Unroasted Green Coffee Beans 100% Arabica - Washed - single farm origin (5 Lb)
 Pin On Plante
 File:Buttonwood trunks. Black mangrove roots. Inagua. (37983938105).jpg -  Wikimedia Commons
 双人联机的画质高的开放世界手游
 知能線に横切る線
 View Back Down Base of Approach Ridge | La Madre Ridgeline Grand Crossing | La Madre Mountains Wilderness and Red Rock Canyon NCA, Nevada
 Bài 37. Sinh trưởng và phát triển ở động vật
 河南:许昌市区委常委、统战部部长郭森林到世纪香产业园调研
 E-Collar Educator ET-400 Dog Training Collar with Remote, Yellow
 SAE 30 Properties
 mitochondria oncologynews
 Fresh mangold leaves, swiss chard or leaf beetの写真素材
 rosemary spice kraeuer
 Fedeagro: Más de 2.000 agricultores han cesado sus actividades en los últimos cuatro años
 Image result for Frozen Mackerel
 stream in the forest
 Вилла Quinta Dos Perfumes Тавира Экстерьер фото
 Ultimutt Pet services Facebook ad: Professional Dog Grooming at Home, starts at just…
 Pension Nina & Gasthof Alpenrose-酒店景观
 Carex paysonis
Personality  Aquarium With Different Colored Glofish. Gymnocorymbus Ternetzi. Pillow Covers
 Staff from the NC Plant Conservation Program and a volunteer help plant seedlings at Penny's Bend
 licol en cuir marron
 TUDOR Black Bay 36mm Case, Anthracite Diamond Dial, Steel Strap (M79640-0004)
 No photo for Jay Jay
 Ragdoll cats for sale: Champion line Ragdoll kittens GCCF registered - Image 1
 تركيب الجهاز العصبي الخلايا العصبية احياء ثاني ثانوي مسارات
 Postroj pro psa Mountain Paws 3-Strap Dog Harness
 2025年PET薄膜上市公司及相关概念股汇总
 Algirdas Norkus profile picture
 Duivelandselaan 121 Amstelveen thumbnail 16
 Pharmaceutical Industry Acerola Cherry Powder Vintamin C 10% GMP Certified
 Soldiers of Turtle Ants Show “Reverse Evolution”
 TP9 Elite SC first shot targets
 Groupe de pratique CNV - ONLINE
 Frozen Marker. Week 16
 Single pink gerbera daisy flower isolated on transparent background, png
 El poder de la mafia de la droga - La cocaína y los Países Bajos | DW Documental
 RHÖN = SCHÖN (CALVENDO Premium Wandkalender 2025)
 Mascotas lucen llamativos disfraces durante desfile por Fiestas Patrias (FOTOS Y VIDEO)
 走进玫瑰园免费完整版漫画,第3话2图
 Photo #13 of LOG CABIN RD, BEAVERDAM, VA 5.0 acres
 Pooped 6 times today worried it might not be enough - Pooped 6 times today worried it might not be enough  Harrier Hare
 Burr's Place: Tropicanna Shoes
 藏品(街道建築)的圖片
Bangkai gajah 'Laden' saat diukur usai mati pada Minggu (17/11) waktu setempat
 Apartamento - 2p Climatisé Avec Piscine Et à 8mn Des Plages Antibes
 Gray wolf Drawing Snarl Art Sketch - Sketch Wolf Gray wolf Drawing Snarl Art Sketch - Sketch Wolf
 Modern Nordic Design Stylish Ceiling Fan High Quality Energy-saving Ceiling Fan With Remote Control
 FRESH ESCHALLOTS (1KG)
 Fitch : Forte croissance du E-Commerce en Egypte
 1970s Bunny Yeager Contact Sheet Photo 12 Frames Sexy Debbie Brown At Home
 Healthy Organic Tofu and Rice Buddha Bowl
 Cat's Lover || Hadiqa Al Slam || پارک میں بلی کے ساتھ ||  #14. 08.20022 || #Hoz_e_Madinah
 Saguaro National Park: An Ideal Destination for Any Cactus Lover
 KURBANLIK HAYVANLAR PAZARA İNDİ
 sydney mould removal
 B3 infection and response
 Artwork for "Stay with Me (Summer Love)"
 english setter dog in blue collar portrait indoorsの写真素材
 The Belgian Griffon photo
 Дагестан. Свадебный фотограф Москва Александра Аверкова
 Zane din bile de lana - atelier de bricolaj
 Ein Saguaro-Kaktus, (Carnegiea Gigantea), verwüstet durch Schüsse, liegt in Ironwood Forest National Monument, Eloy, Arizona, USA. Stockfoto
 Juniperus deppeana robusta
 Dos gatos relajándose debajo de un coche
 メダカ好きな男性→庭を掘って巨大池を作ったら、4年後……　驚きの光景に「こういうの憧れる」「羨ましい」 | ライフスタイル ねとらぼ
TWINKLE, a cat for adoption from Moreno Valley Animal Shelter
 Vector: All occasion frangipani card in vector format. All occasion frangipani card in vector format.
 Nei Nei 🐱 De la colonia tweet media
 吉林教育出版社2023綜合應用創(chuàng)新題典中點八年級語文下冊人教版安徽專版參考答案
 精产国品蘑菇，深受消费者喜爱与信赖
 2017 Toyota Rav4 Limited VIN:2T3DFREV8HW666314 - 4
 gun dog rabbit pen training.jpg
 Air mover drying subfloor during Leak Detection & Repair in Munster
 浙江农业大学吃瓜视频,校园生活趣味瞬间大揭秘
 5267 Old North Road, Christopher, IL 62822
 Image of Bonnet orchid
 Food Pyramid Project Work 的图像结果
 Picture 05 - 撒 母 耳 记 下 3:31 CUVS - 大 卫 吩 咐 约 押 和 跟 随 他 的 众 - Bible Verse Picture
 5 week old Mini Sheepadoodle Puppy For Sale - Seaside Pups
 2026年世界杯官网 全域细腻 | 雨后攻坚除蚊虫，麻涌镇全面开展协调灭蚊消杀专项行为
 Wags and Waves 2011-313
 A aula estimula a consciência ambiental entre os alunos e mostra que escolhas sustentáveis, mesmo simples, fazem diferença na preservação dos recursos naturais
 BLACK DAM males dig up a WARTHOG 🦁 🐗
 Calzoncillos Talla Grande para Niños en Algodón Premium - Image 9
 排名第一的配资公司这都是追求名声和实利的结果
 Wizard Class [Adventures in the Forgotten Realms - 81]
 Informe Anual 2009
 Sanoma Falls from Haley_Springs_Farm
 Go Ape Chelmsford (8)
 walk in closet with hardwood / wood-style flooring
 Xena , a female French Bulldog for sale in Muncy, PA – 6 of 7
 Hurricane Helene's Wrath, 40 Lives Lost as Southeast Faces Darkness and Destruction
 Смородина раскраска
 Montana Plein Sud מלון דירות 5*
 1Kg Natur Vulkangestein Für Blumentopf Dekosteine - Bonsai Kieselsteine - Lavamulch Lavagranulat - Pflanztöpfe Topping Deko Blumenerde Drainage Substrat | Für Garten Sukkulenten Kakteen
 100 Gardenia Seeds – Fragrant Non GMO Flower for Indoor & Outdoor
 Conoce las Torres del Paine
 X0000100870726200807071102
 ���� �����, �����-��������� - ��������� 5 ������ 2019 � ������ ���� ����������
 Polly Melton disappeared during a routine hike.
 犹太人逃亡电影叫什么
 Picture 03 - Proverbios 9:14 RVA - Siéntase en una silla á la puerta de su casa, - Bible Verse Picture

* [Work task]
Among the entries above, how many lines include "during"? State the number and nothing else.

* [Reply]
2